Ngaji Lingkungan diposisikan bukan sekadar forum diskusi tematik, melainkan ruang temu nilai, pengetahuan, dan pengalaman. Tokoh agama, akademisi, pegiat lingkungan, relawan, komunitas, hingga perwakilan pemerintah dijadwalkan terlibat dalam dialog yang menempatkan gotong royong sebagai fondasi utama gerakan sosial-ekologis.

Sejumlah isu lingkungan lokal akan menjadi fokus pembahasan, di antaranya persoalan pengelolaan sampah dan pencemaran lingkungan, alih fungsi ruang hijau, serta tantangan keberlanjutan kawasan pesisir. Isu-isu tersebut dipandang tidak berdiri sendiri, melainkan berkaitan erat dengan kebiasaan sosial, praktik ekonomi, serta cara pandang masyarakat dalam memaknai lingkungan sebagai ruang hidup bersama.

Situbondo Bookparty menegaskan bahwa kegiatan ini tidak dimaksudkan sebagai ruang saling menyalahkan atau tempat menawarkan solusi instan. Diskusi diarahkan untuk membangun pemahaman bersama atas realitas lingkungan Situbondo, mengidentifikasi tantangan struktural dan kultural, serta mendorong lahirnya komitmen yang realistis dan dapat dijalankan secara kolaboratif.

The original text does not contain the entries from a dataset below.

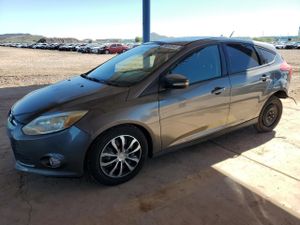 Ford Focus SE 2.0L 4 2012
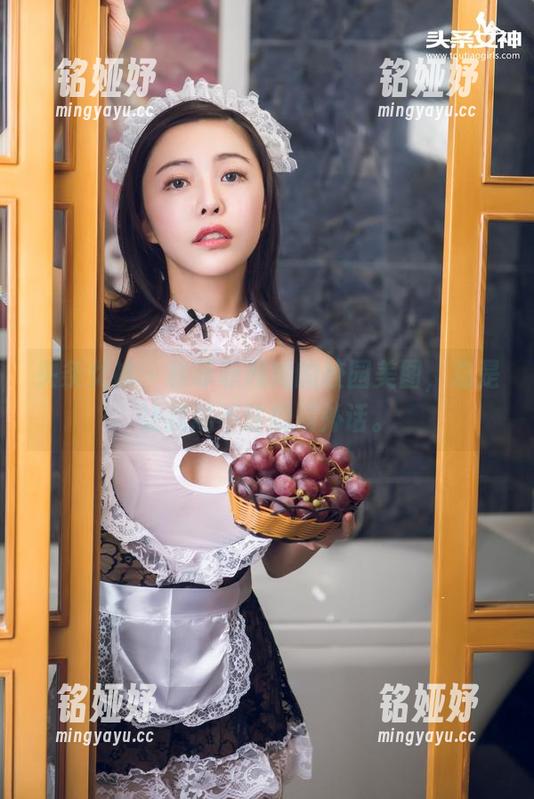 头条女神-穆菲菲 头条女神 - 穆菲菲和她的校园美图,总是让我忍不住想题外话。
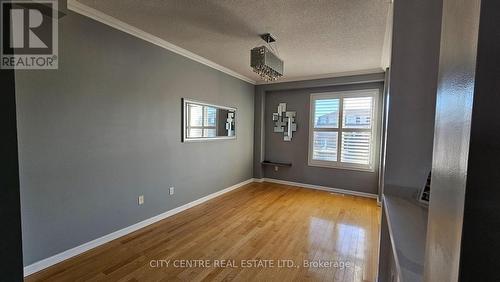 4972 Southampton Drive, Mississauga, ON - Indoor Photo Showing Other Room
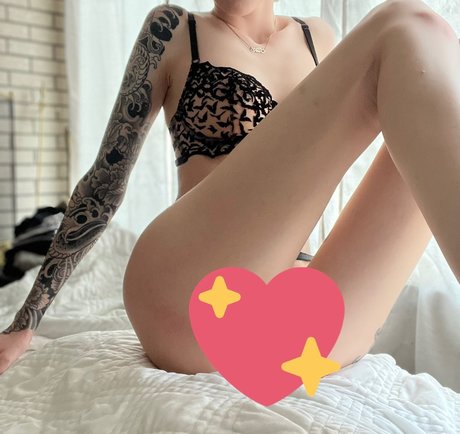 Alliury Xaerha model xxx image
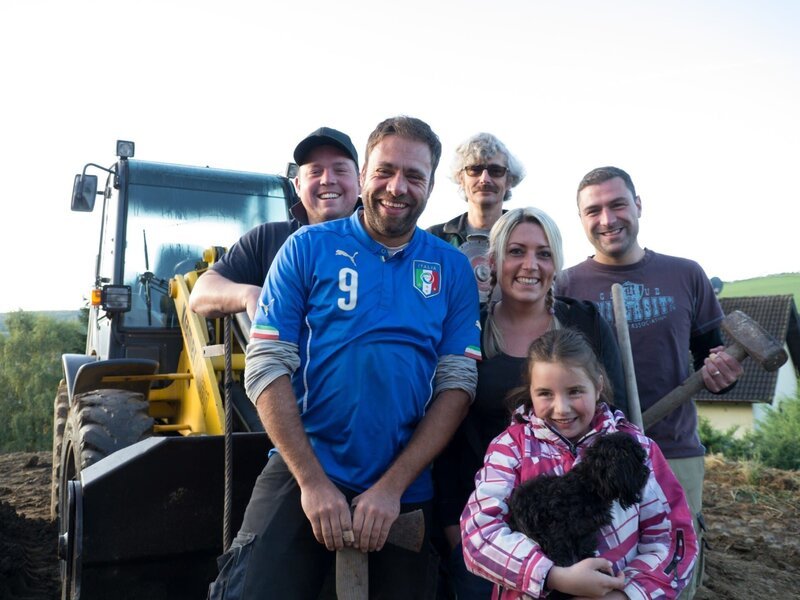 V.l.: Baggerfahrer Henrik, Organisator Claus, Garten-Guru Ralf, Dajana, Tochter Aliyah und Christian. – Bild: MG RTL D /​ Tokee Bros.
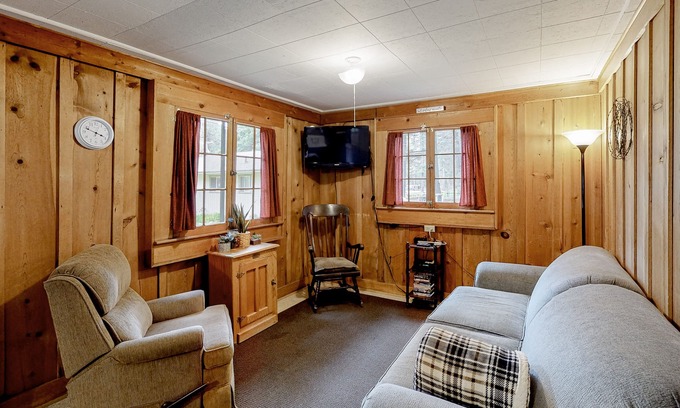 Joseph Cabin | Conveniently Located Home Close to the Lake w/Free WiFi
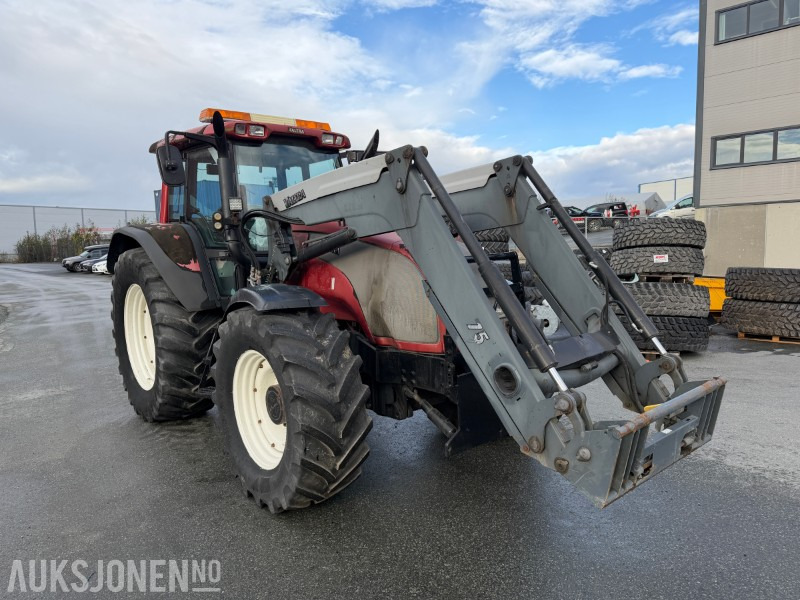 2008 Valtra T-180 Traktor med frontlaster / 1362 timer - Traktors: foto 2 2008 Valtra T-180 Traktor med frontlaster / 1362 timer - Traktors: foto 2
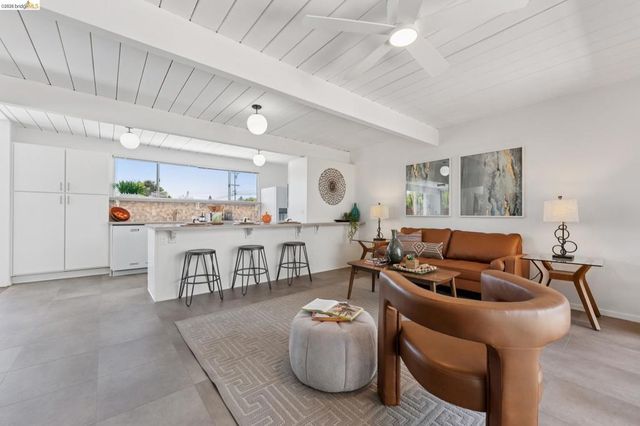 5531 Greenridge Rd, Castro Valley, CA 94552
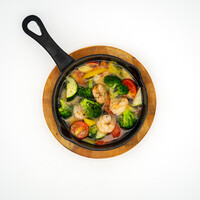 海老とブロッコリーのアヒージョ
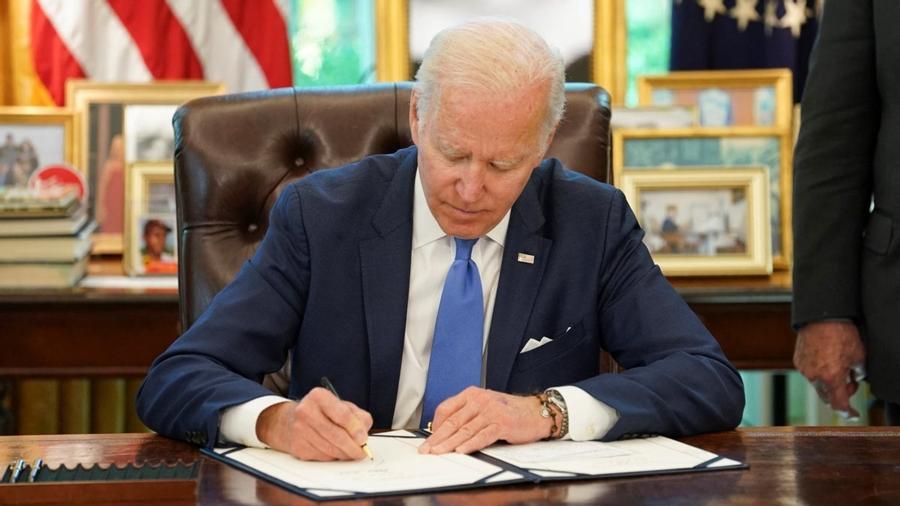 ԱՄՆ նախագահն ստորագրեց Ուկրաինային ռազմական օգնության «լենդ-լիզի» օրենքը |azatutyun.am|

Melalui pendekatan literasi dan dialog, Ngaji Lingkungan diharapkan dapat membuka ruang partisipasi publik yang lebih luas. Merawat lingkungan dipahami sebagai proses jangka panjang yang membutuhkan kesadaran, konsistensi, dan keterlibatan banyak pihak, bukan sekadar gerakan sesaat.

Dengan mengusung tema Gotong Royong Membangun Tanah Surga, kegiatan ini menjadi bagian dari ikhtiar menumbuhkan budaya peduli lingkungan di Situbondo. Dari ruang diskusi menuju kesadaran kolektif, Ngaji Lingkungan diharapkan menjadi langkah awal memperkuat gerakan lingkungan yang inklusif dan berkelanjutan. Untuk Situbondo Naik Kelas.